Aux Jardins d’Éole, un petit déjeuner quotidien pour les migrants

Ce mardi matin à Stalingrad, dans le 19e arrondissement de Paris, l’association Petits Déjeuners Solidaires organise sa distribution alimentaire. Un rendez-vous quotidien devenu inévitable pour les migrants et sans-abri du quartier.

Dans le quartier de Stalingrad, un petit déjeuner solidaire est distribué tous les matins. (©Meïssa Guèye)

Dans le froid et la nuit, Isaac est l’un des premiers arrivés aux Jardins d’Éole. Presque caché sous la capuche de sa doudoune, ce quadragénaire vient chercher un café et de quoi manger.
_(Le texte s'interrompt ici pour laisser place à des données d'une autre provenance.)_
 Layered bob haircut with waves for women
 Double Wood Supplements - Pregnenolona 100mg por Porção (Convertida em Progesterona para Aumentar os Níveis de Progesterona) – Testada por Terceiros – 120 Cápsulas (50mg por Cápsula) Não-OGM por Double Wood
Le coup d’envoi du petit déjeuner est à peine lancé que déjà, une file d’attente se forme à l’entrée du parc. Près du conteneur où sont conservés les stocks alimentaires et le matériel, chacun s’affaire à sa tâche. Christine, trésorière du collectif, veille à ce que tout le monde puisse bénéficier d’une boisson chaude.

Depuis sa création, en 2015, l’association propose une distribution alimentaire tous les matins de 8h à 10h. Une initiative née de la mobilisation des habitants face à l’afflux de réfugiés dans le quartier. Venus pour beaucoup d’Afghanistan, du Soudan ou encore d’Erythrée, ils sont une majorité à dormir dans la rue. A l’instar de ses camarades de table, Isaac ne parle pas français. Et il est ravi de ne pas avoir à le faire pour profiter d’un repas. Du pain, seul ou avec de la confiture, des sandwichs et quelques viennoiseries. Pour la plupart, des invendus que le collectif Petits Déjeuners Solidaires récupère dans les boulangeries et petits commerces du quartier.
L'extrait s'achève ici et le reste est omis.